▶ Problem to work on
Output the listing word for word, minus images.

▶ Source material
--- START ---

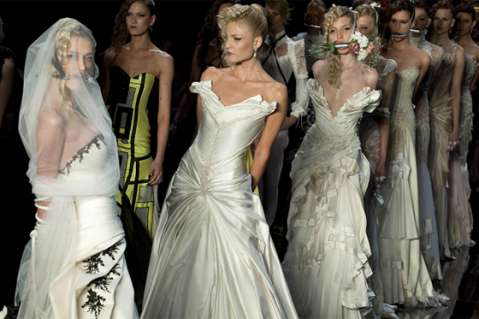 Novias calladas y atadas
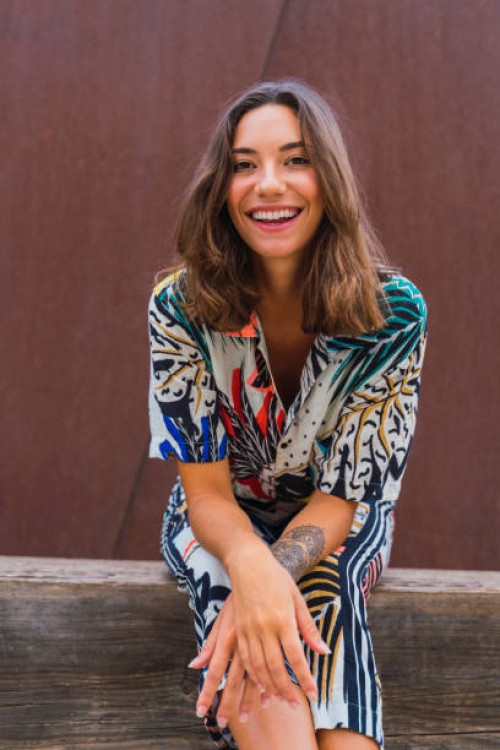 portrait of laughing young woman - fashion photos et images de collection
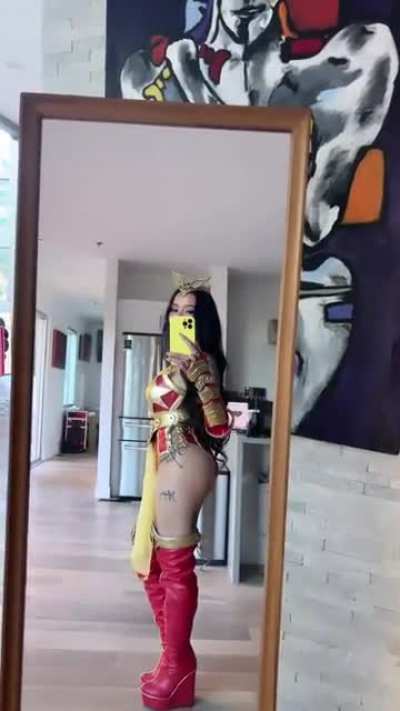 Bella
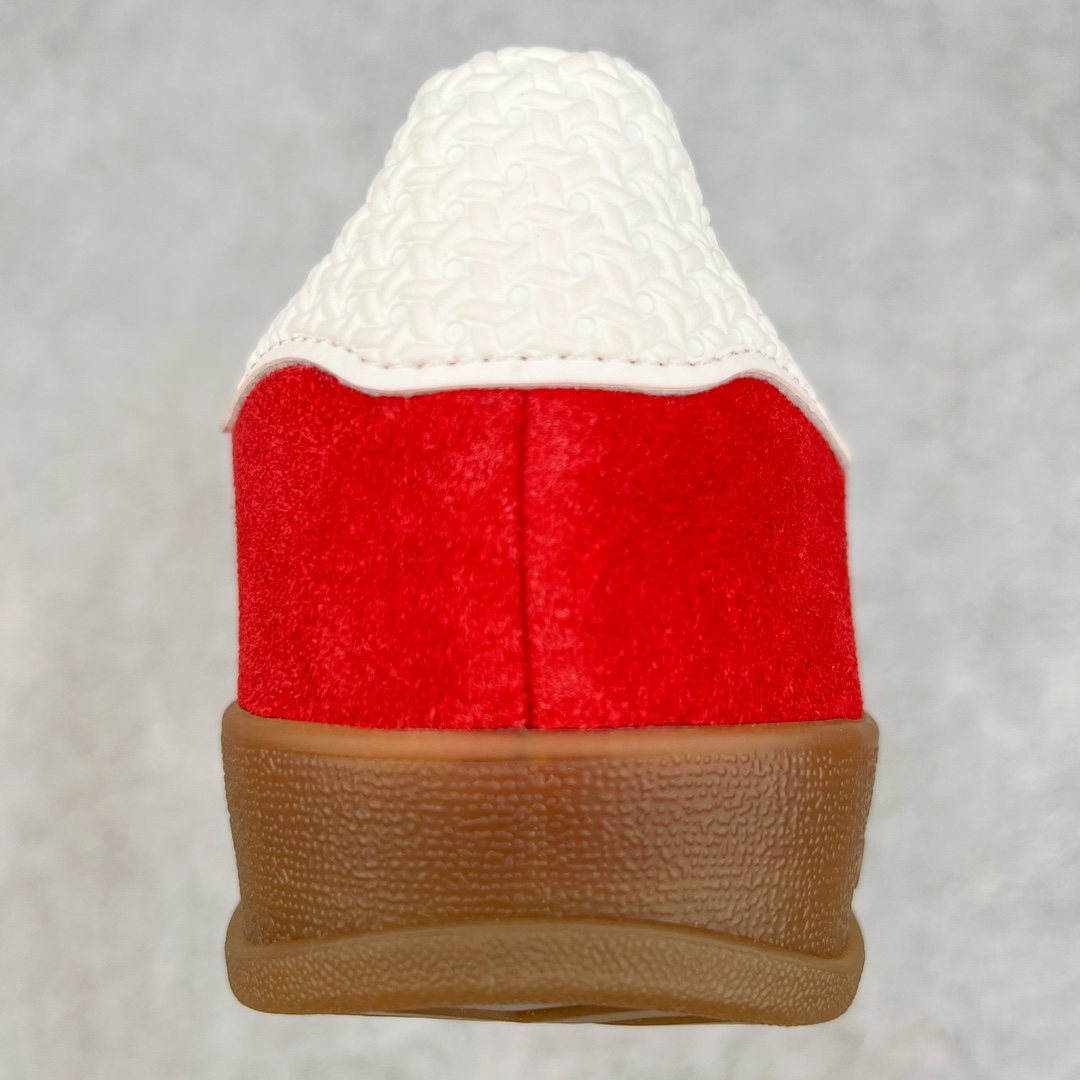 图片[8]-＃PK纯原 AD Original Gazelle Indoor Trainers 瞪羚室内鞋系列低帮复古百搭休闲运动德训风板鞋 红白 IF1808 高端零售特供批次 原厂定制长毛翻毛皮组合环保纤维革鞋面材质 内置环保海玻璃鞋垫 外置RB橡胶大底 产品品控稳定性领先行业 原厂全套原楦原纸板冲刀磨具开发 原厂皮料加持 原厂港宝加持定型后跟R度完美 将复古进行到底 简约流畅 三十年不变经典 这款Gazelle运动鞋 无论面料、配色、质感或设计 都只在重现其1991年原款的经典 皮革鞋面 撞色三条纹和鞋跟标的设计 力求呈现90年代的经典复古风潮 Samba火热的同时 也带动了其它的复古鞋型 Gazelle便是其中一只 Gazelle Indoor拥有包边更宽的T字型鞋头 更好的保护运动员的前掌 浓浓的复古氛围感 非常适合现在流行的Cleanfit风格 尺码：35.5 36 36.5 37.5 38 38.5 39 40 40.5 41 42 42.5 43 44 44.5 45 46-选品中心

--- END ---

▶ Output below
 Novias calladas y atadas
 portrait of laughing young woman - fashion photos et images de collection
 Bella
 图片[8]-＃PK纯原 AD Original Gazelle Indoor Trainers 瞪羚室内鞋系列低帮复古百搭休闲运动德训风板鞋 红白 IF1808 高端零售特供批次 原厂定制长毛翻毛皮组合环保纤维革鞋面材质 内置环保海玻璃鞋垫 外置RB橡胶大底 产品品控稳定性领先行业 原厂全套原楦原纸板冲刀磨具开发 原厂皮料加持 原厂港宝加持定型后跟R度完美 将复古进行到底 简约流畅 三十年不变经典 这款Gazelle运动鞋 无论面料、配色、质感或设计 都只在重现其1991年原款的经典 皮革鞋面 撞色三条纹和鞋跟标的设计 力求呈现90年代的经典复古风潮 Samba火热的同时 也带动了其它的复古鞋型 Gazelle便是其中一只 Gazelle Indoor拥有包边更宽的T字型鞋头 更好的保护运动员的前掌 浓浓的复古氛围感 非常适合现在流行的Cleanfit风格 尺码：35.5 36 36.5 37.5 38 38.5 39 40 40.5 41 42 42.5 43 44 44.5 45 46-选品中心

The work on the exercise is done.